- **Required action**:
Copy each line of the data exactly. Leave nothing out.

- **Information supplied**:
+ + + +

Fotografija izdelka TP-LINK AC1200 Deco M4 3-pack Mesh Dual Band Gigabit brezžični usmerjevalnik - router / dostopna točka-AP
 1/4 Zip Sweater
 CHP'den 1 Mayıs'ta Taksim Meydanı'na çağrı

+ + + +

- **Answer section**:
Fotografija izdelka TP-LINK AC1200 Deco M4 3-pack Mesh Dual Band Gigabit brezžični usmerjevalnik - router / dostopna točka-AP
 1/4 Zip Sweater
 CHP'den 1 Mayıs'ta Taksim Meydanı'na çağrı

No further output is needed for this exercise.